Fears of French CJD time bomb

FRANCE COULD be sitting on a variant CJD time bomb, according to two French academics.


The claim is made on the grounds that over 300,000 cows are thought to have been infected with the BSE agent in the 1980s and 1990s, many of which entered the human food chain.


Their estimate appears in a paper published in the latest issue of the Veterinary Research journal.


The authors conclude that there was “considerable BSE case under-reporting throughout the epidemic”.


“Despite uncertainty over the beginning of the epidemic, we show that the French BSE epidemic in the late 1980s was completely undetected, and only the second wave, after 1990, was observed.”
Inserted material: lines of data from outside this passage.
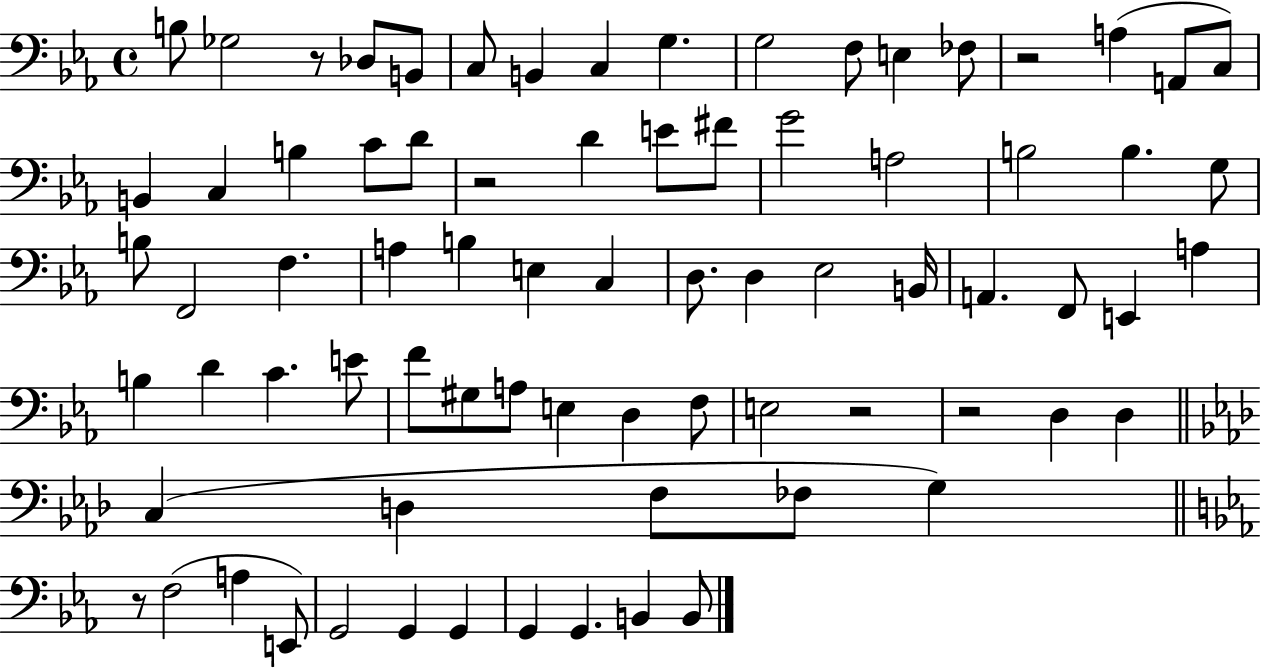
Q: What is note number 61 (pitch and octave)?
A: G3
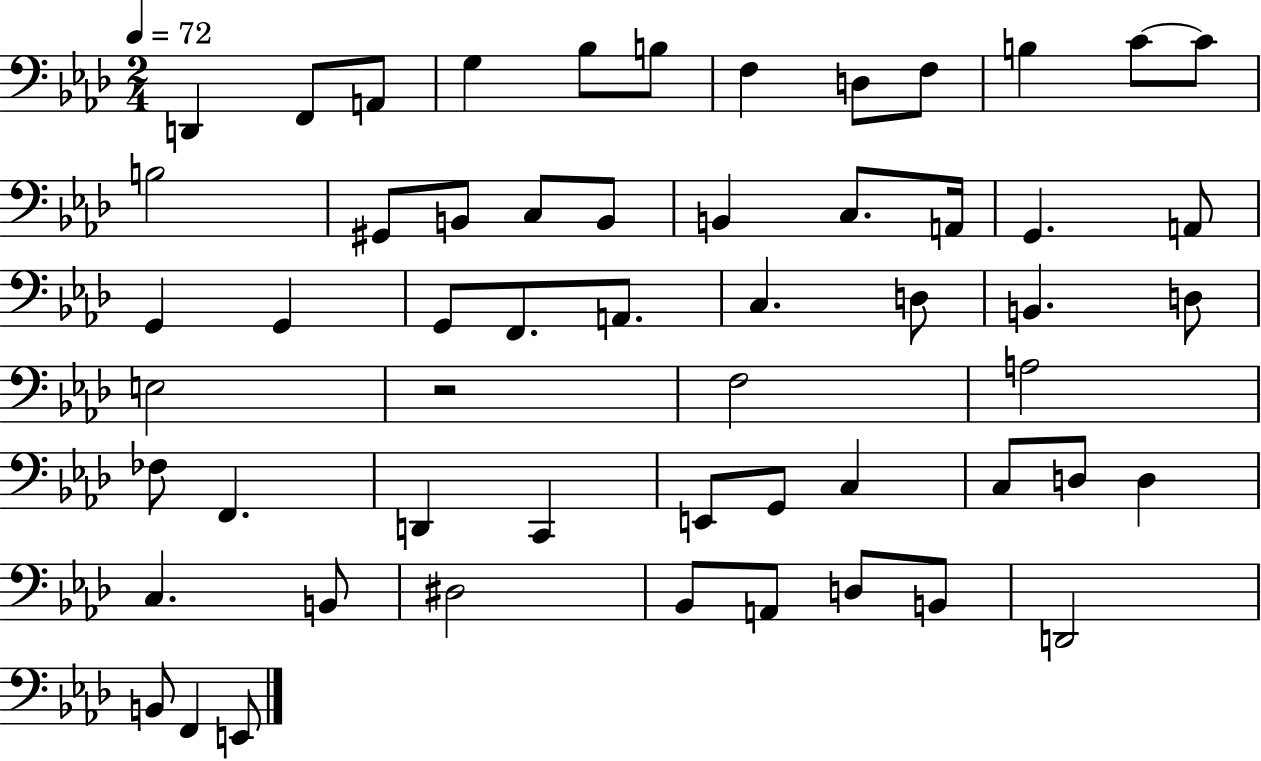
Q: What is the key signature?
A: AES major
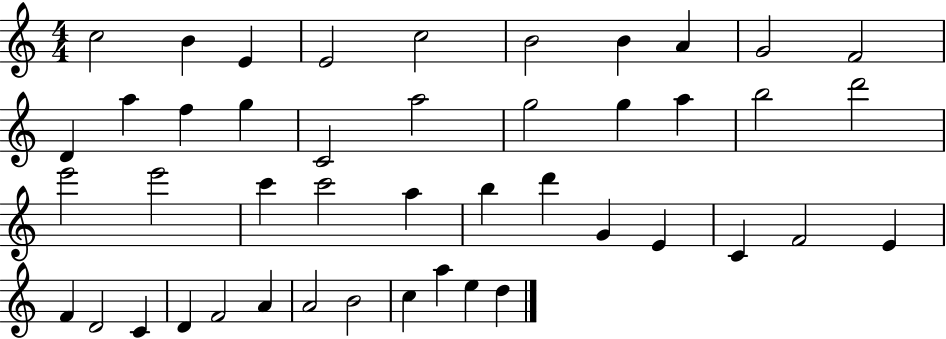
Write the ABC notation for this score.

X:1
T:Untitled
M:4/4
L:1/4
K:C
c2 B E E2 c2 B2 B A G2 F2 D a f g C2 a2 g2 g a b2 d'2 e'2 e'2 c' c'2 a b d' G E C F2 E F D2 C D F2 A A2 B2 c a e d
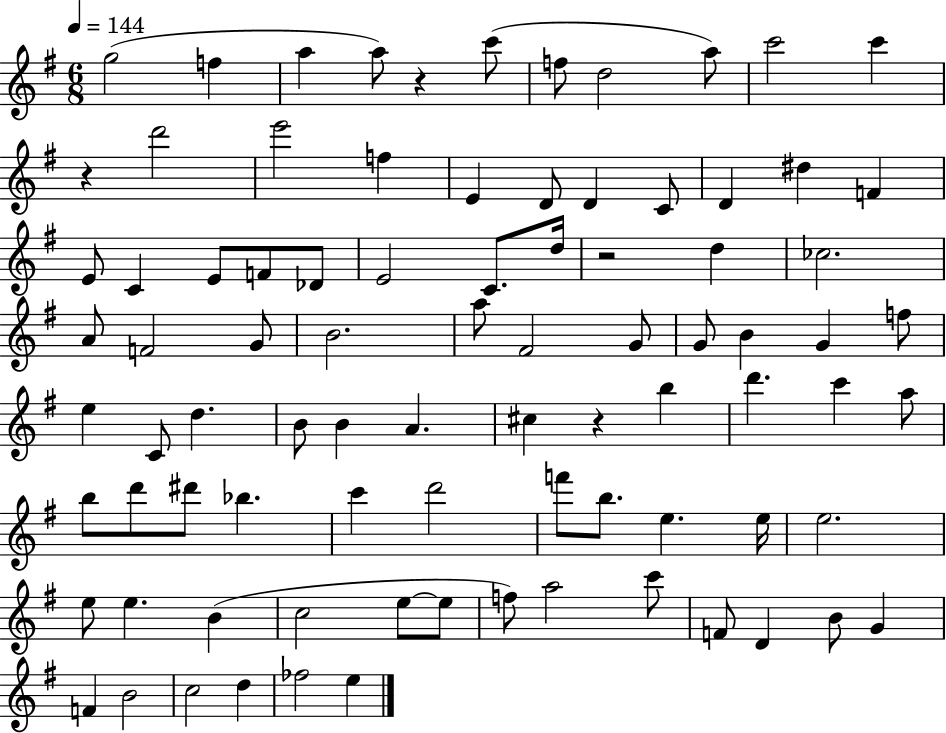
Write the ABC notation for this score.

X:1
T:Untitled
M:6/8
L:1/4
K:G
g2 f a a/2 z c'/2 f/2 d2 a/2 c'2 c' z d'2 e'2 f E D/2 D C/2 D ^d F E/2 C E/2 F/2 _D/2 E2 C/2 d/4 z2 d _c2 A/2 F2 G/2 B2 a/2 ^F2 G/2 G/2 B G f/2 e C/2 d B/2 B A ^c z b d' c' a/2 b/2 d'/2 ^d'/2 _b c' d'2 f'/2 b/2 e e/4 e2 e/2 e B c2 e/2 e/2 f/2 a2 c'/2 F/2 D B/2 G F B2 c2 d _f2 e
At the heart of the issue is the fact that the French authorities only started looking for the disease in 1990 and this was done passively – farmers and vets were responsible for reporting animals with clinical signs.


It was over 10 years before active surveillance of all over-30-month cattle came in.


“Implementation of active surveillance revealed the inefficiency of the passive surveillance, both in France and elsewhere,” says the report.


“Comparisons showed that only 20% of BSE cases were identified by passive surveillance.”


The report notes that these cases only related to animals in the latter stages of incubating the disease. Infection with BSE is reckoned to happen shortly after birth.


Also, the 103 cases identified by passive surveillance only covered the period from 1990.


“Meat and bonemeal was already being imported by France from the UK in 1985. As the earliest birth cohort of a BSE case dates back to 1983, French cattle were already potentially exposed to the BSE agent at that time.”


Using a method of back calculation, allowing for such things as French cattle mortality, exposure to meat and bonemeal and BSE reporting, the authors estimate that 301,200 cattle were infected by the BSE agent between 1980 and 1997.


Of these, around 49,000 are thought to have been in the late stages of incubation and slaughtered for human consumption.


The report explains that the level of BSE infection in French cattle is still considerably less than in the UK, where up to four million cattle may have been infected over a similar period.


But, while bovine offal was banned in the UK in 1989, it was not until 1996 that the same steps were taken in France.